Like many elements of game-design, the use of islands within games has borrowed heavily (and often simplistically) from clichés developed in other media. It will come as no surprise then that depictions of islands across numerous games have been somewhat limited in terms of style and aesthetics. Numerous examples fall under the tropical or exotic label, and many others serve merely as ‘evil lairs’. However, there are some functions served by game islands that are likely unique to the medium, and which are facilitated by the needs of traditional game-world structures.

Having said this, across these articles I will examine five different ways I’ve identified in which game islands are used, these being: as exotic settings; as starting locations for the players’ journey(s); as ‘hub worlds’ or ‘overworlds’; to provide ‘shipwrecked’ or ‘desert island’ gameplay scenarios; and as fortresses, bases and/or lairs for particular enemies and boss characters. Part 1 follows bellow; part 2 can be found here.

The Tropical Trope

Perhaps the most famous exponent in gaming of this classical cliché is The Secret of Monkey Island (1990) and its sequels. Set on various fictional Caribbean islands, this point-and-click masterpiece paid beautifully playful homage to the swashbuckling pirate fiction that inspired it. An exemplar of the use of setting to enhance style and narrative elements within games, Monkey Island became a benchmark for future graphic adventure titles.

Secret of Monkey Island

Even games with fewer literary or filmic influences managed some successful use of island-based exoticism. The original Crash Bandicoot, for instance, takes place across three islands comprising a fictional Tasmanian archipelago, with each island acting as a sub-world. The choice of setting was likely established after deciding on bandicoot as the race for the PlayStation mascot, as bandicoots are endemic to Australia and Papua New Guinea. However, just as Crash bears little resemblance to a real life bandicoot, there’s not much about tropical islands that makes them particularly well suited to the platformer genre: historically, such games relied on world-hopping scenarios to provide sufficient variety across level designs, a tactic that both sequels in the Crash trilogy would adopt.

N Sanity Island, Crash

Despite this, the developers at Naughty Dog made good effect of their design choice.
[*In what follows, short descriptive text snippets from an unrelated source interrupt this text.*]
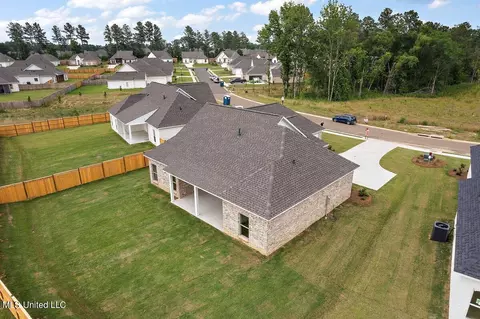 Exterior - 110 Springs Xing, Madison, MS 39110 photo 8 of 9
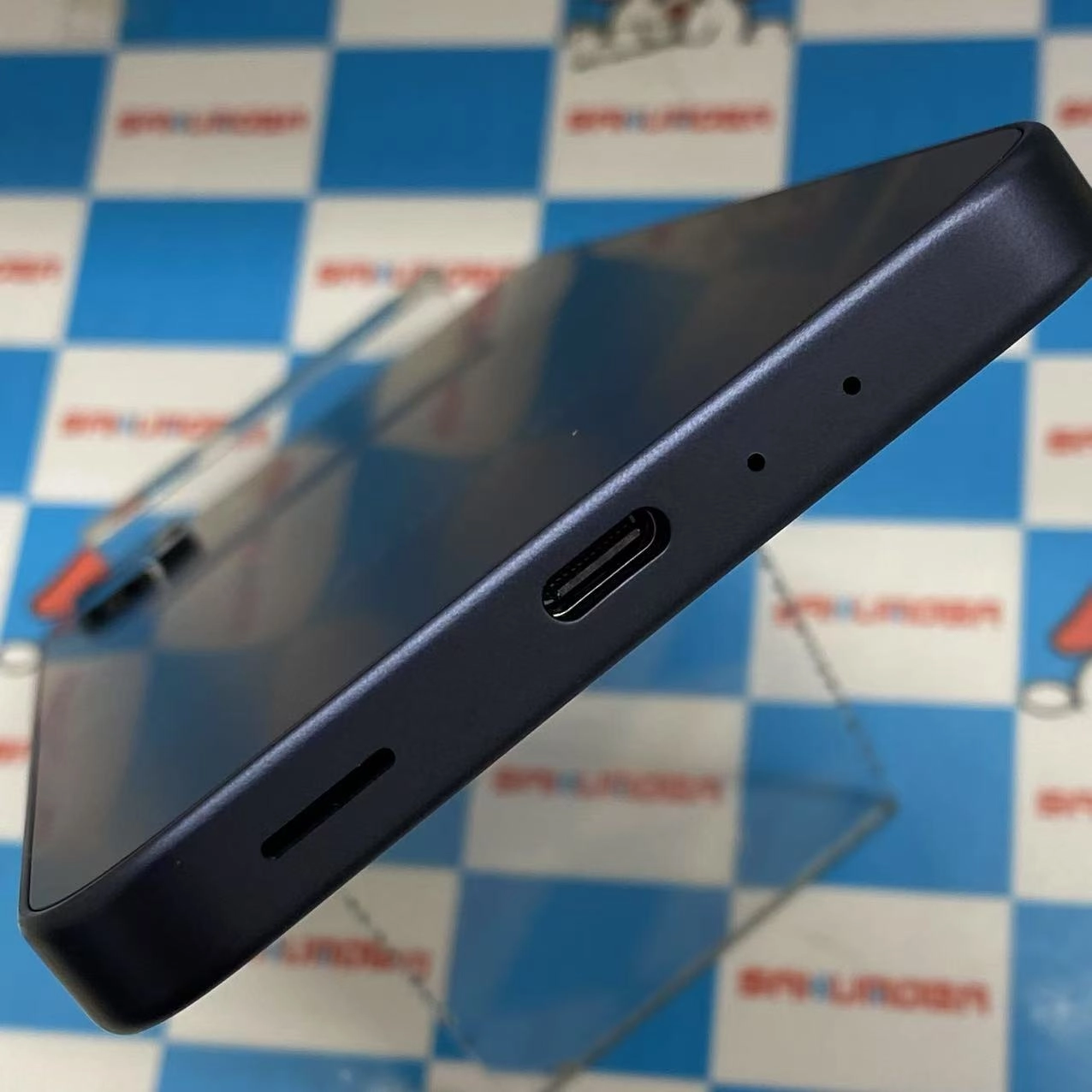 Galaxy A25 5G 4GB/64GB ブラック SCG33 AU版SIMフリー 新品同様 au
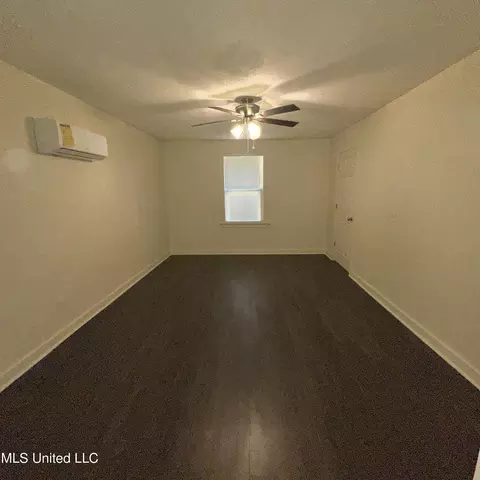 Living - 359 Cummins St, Jackson, MS 39204 photo 4 of 4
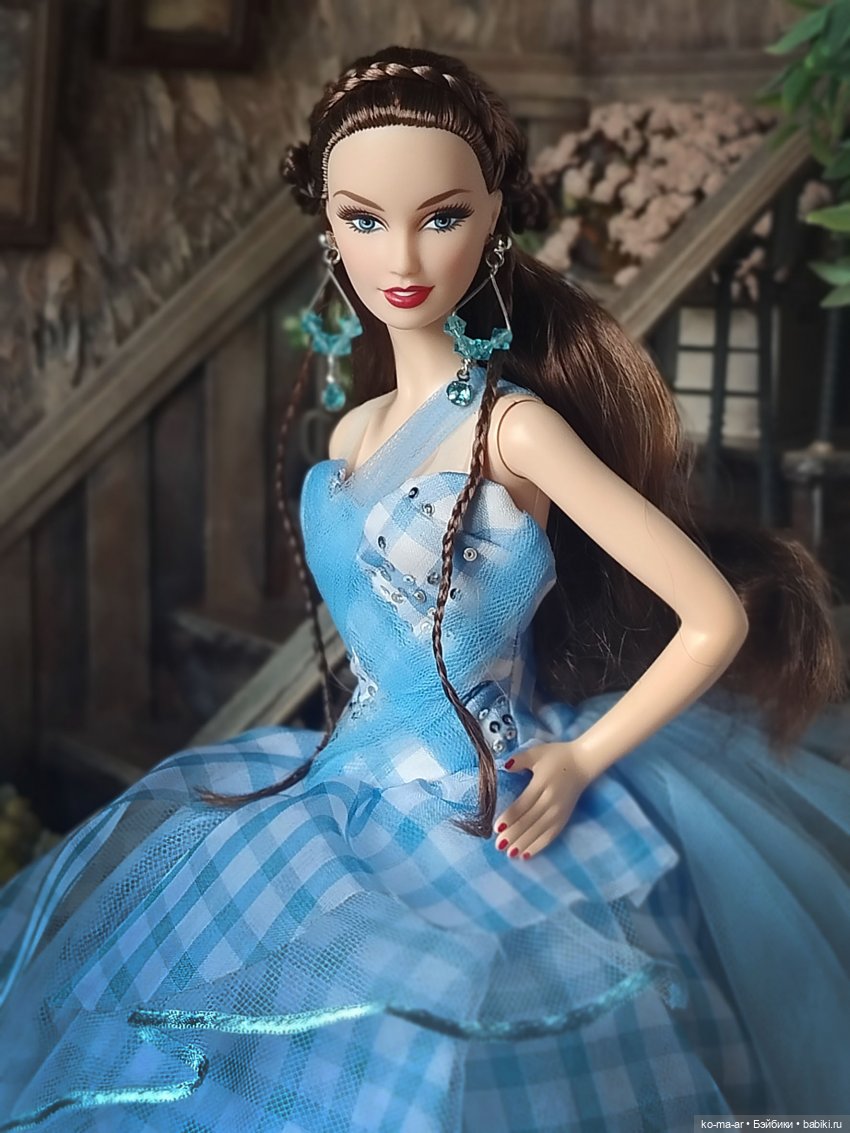 Barbie Dorothy Wizard Fantasy Glamour 2013
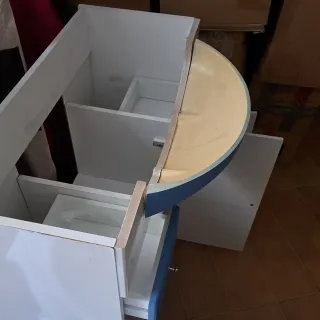 Mueble de baño azul y blanco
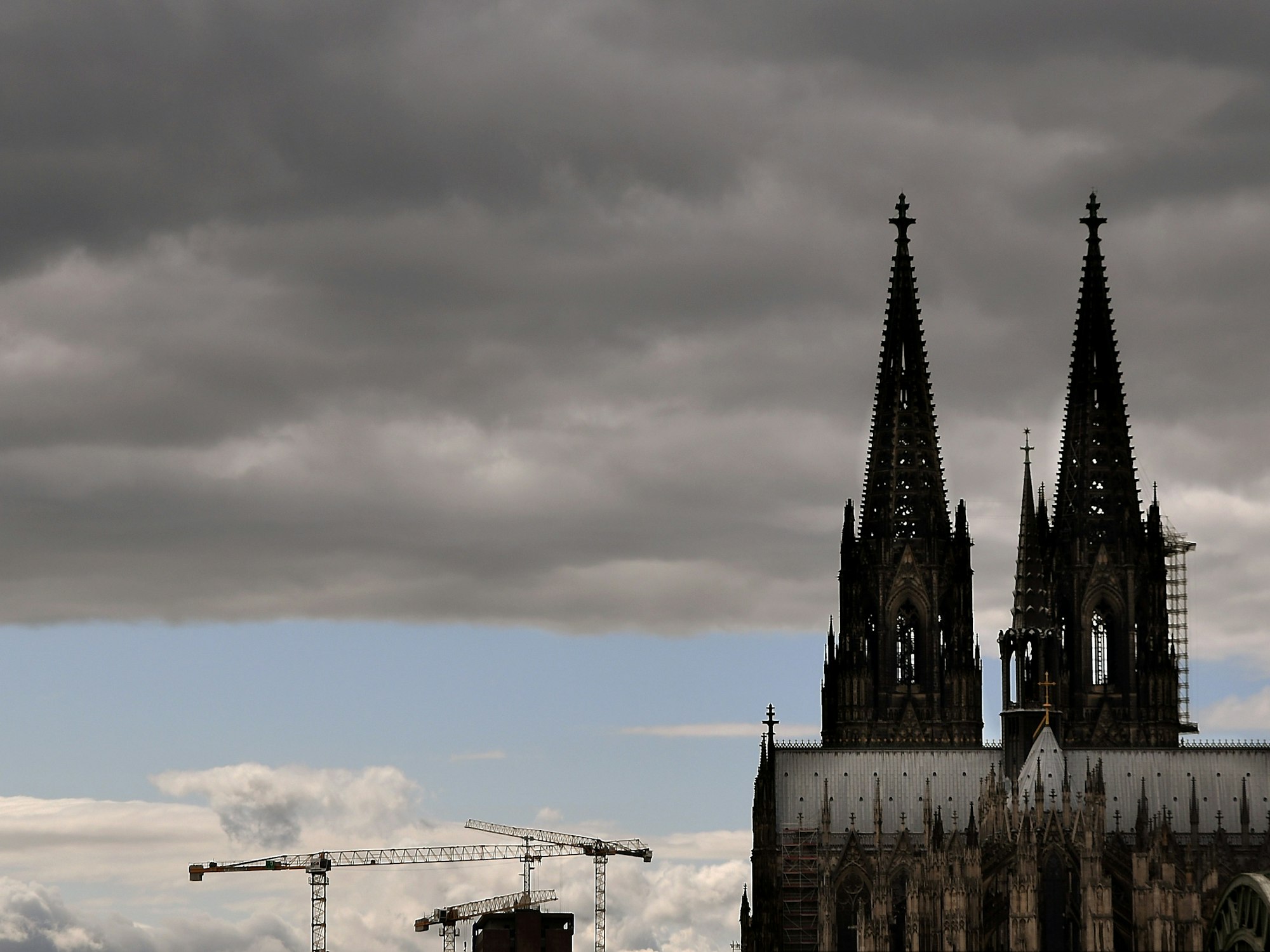06.08.2021, Köln: Der Kölner Dom mit seinen Turmspitzen kratzt an den dunklen Wolken.

Foto: Csaba Peter Rakoczy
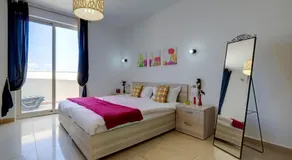 Cosy 1BR Penthouse close to the Promenade - Image 2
By vaguely theming each of the islands – the first comprising dense jungles and indigenously built wooden structures, the second river based levels and ancient stone ruins, and the third industrial complexes and a medieval castle – they managed to include both breadth of design as well as iterative development of level structures and incremental increases to difficulty. The colourful nature of the first island’s jungle levels emphasised the game’s graphical elements, which were of incredible quality for the time. What’s more, given they made the game’s antagonist a mad scientist bent on creating an army of super-animals, the setting even had narrative precedence through drawing on The Island of Doctor Moreau (1896).

Crash level

Crash wasn’t the first star of a platform series to venture across exotic isles. When Mario’s original rival Donkey Kong received a revamp in 1994, developers Retro Studios decided that he and his gang would be better suited to island life than being rainforest residents. The original Donkey Kong Country is set across six different areas of ‘Donkey Kong Island’ – who are we to question the naming conventions in such a seminal title? – with each area differentiated from its fellows in terms of environment. These regions again allowed for an array of stage designs: each level is given an explicit type, some of which occur across the game – ‘jungle’, ‘cave’, ‘coral’ – and some of which are region-specific – ‘snow’, ‘factory’, ‘ship’. Most outlandish is the inclusion of the ‘Gorilla Glacier’ area, possibly beginning a design trend that would culminate in Donkey Kong Country: Tropical Freeze (2014).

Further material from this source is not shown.